__EXTRACTED DATA__:
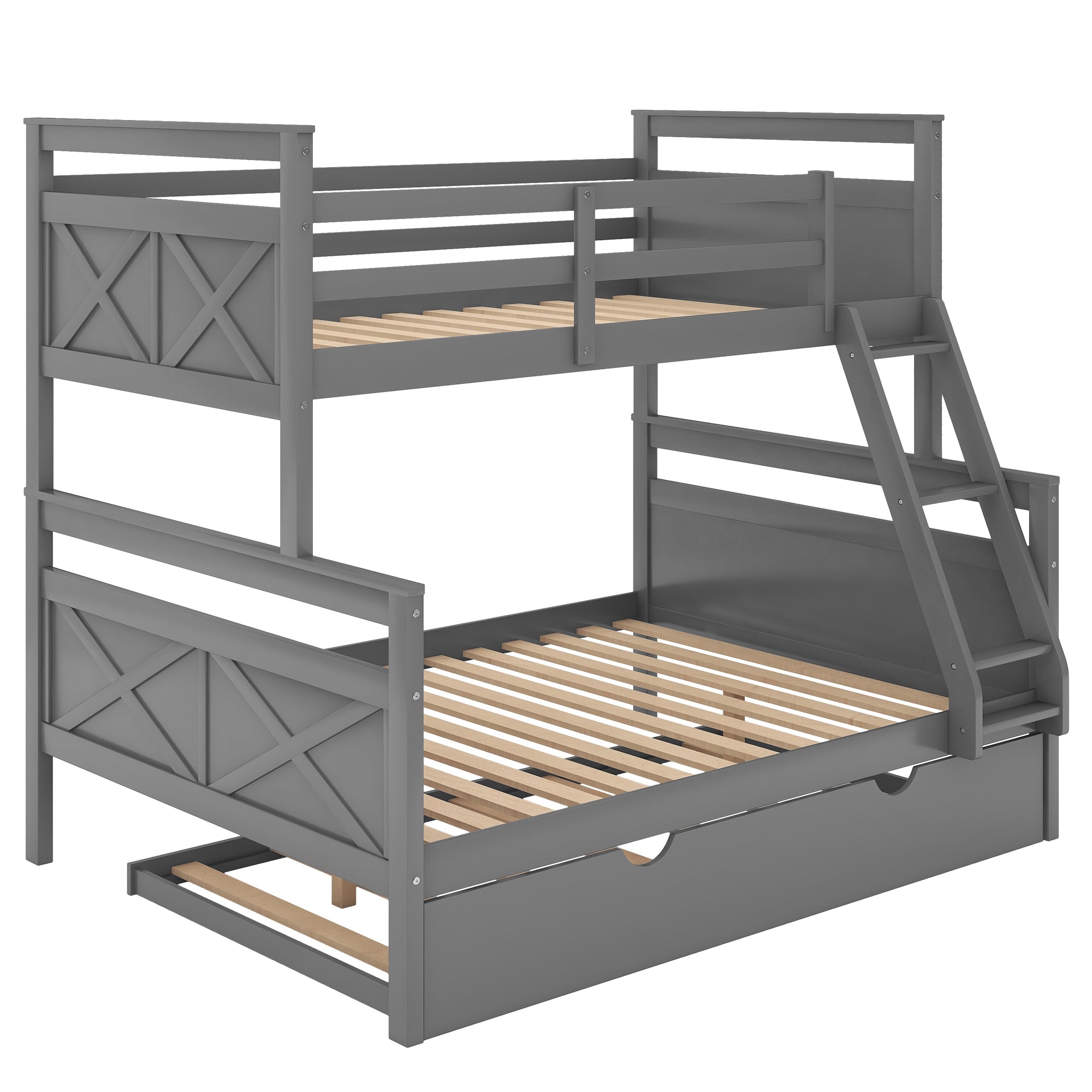 Euroco Wood Twin over Full Bunk Bed with Trundle for Kids & Adults Bedroom, Gray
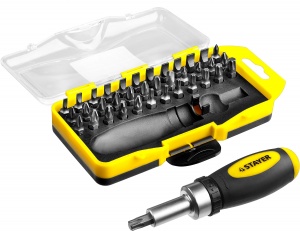 Отвертка реверсивная Compact-38 с набором из 37 насадок Stayer №04146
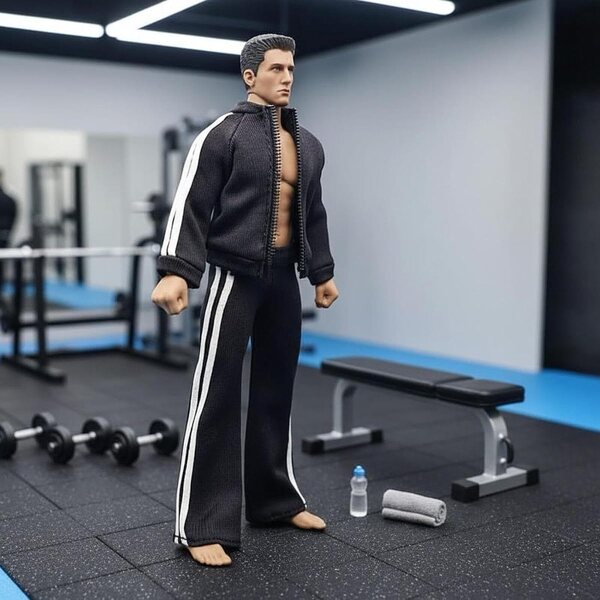 MagiDeal Stoff-Sportbekleidungsset für Actionfigur 1/12 Schwarz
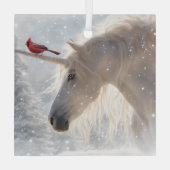 クリスマスユニコーン(鳥)ショウジョウコウカンチョウホリデイ ガラスオーナメント (裏面)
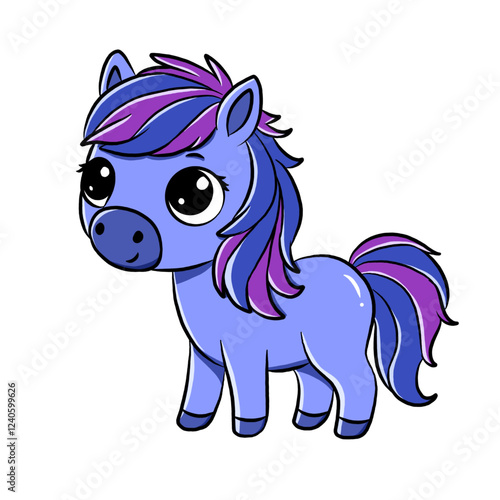 Cute blue pony cartoon character isolated on white background, icon vector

__WORK TO BE COMPLETED__: The data above are to be repeated word for word, with any pictures left out.

__RESULT OF THIS EXERCISE__:
 Euroco Wood Twin over Full Bunk Bed with Trundle for Kids & Adults Bedroom, Gray
 Отвертка реверсивная Compact-38 с набором из 37 насадок Stayer №04146
 MagiDeal Stoff-Sportbekleidungsset für Actionfigur 1/12 Schwarz
 クリスマスユニコーン(鳥)ショウジョウコウカンチョウホリデイ ガラスオーナメント (裏面)
 Cute blue pony cartoon character isolated on white background, icon vector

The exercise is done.